La primera petición se hace para que sea santificado el Nombre de Dios (v. 9). El nombre, en la Biblia, equivale a toda la persona. Como Dios es la santidad misma, lo que se pide aquí es que su santidad sea reconocida y honrada por las criaturas. El advenimiento del Reino, que se impetra después (v. 10, segunda petición), consiste en la realización del designio salvador de Dios en el mundo (cfr nota a 3,1-12); pero ello exige de nosotros una sumisión espontánea y confiada a Dios. Por eso, una de las manifestaciones de la venida del Reino es el cumplimiento amoroso de la voluntad de Dios (tercera petición). De ahí que podamos decir, con Santa Teresa, que «quien de veras hubiere dicho esta palabra: fiat voluntas tua, todo lo ha de tener hecho, con la determinación al menos» (Camino de perfección 63,2).

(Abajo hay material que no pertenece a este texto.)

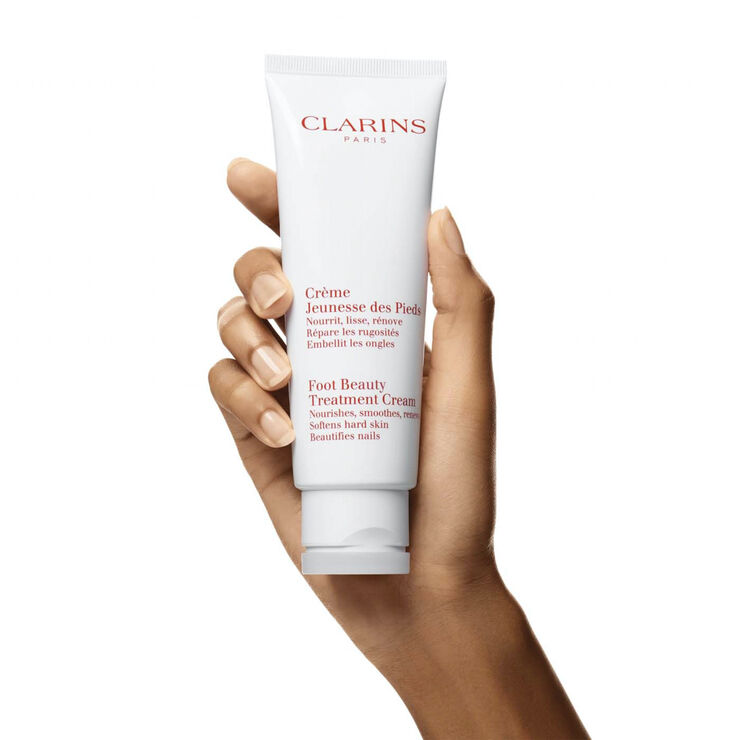 Clarins Foot Beauty Treatment Cream 125 ml.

Las últimas peticiones, el pan de cada día (cuarta), el perdón de las deudas u ofensas (quinta), el no abandonarnos en la tentación (sexta) y el librarnos del mal (séptima) —cfr nota a Lc 11,1-4—, miran a nuestras necesidades. El primer evangelio glosa la quinta (v. 12) con unas palabras del Señor (vv. 14-15) en las que exige la necesidad de perdonar para rezar con verdadero espíritu: «Cosa es ésta, hermanas, para que miremos mucho en ella; que una cosa tan grande y de tanta importancia como que nos perdone el Señor nuestras culpas, que merecían fuego eterno, se nos perdone con tan baja cosa como es que perdonemos; y aun de esta bajeza tengo tan pocas que ofrecer, que de balde me habéis, Señor, de perdonar. Aquí cabe bien vuestra misericordia. Bendito seáis vos, que tan pobre me sufrís» (ibidem 36,2).

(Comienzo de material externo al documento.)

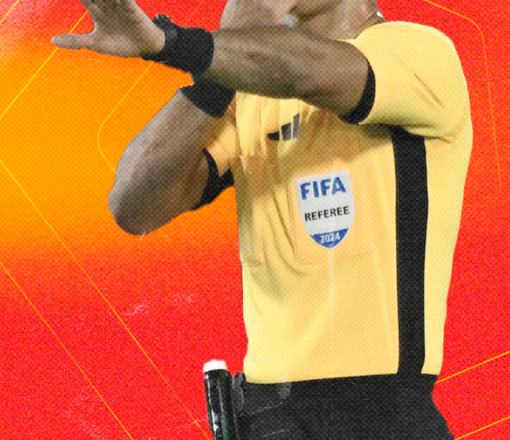Árbitros para la jornada del fútbol colombiano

«Deuda» (v. 12) equivale aquí a ofensa o pecado. No se trata sólo de reconocer antiguos pecados, sino también nuestra condición actual de pecadores.

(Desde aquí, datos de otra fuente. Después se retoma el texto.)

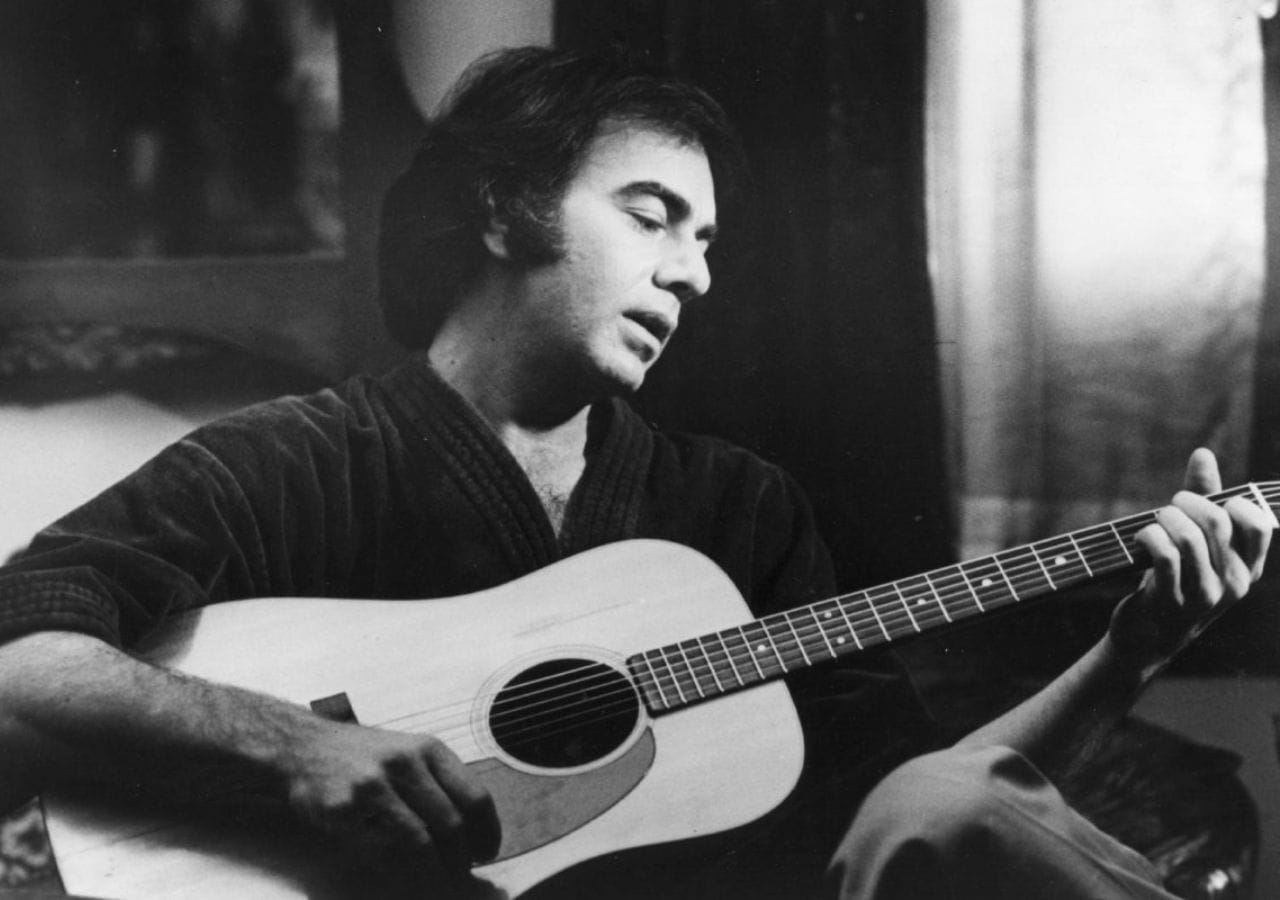 Neil Diamond – Forever in Blue Jeans  (1979)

En la sexta petición (v. 13) reconocemos nuestra debilidad para luchar contra las tentaciones con solas nuestras fuerzas, por lo que suplicamos la ayuda de Dios (cfr Catechismus Romanus 4,15,14).
«Líbranos del mal» (v. 13b, séptima petición) podría traducirse igualmente por «líbranos del maligno», es decir, del diablo, origen de nuestros pecados y desgracias.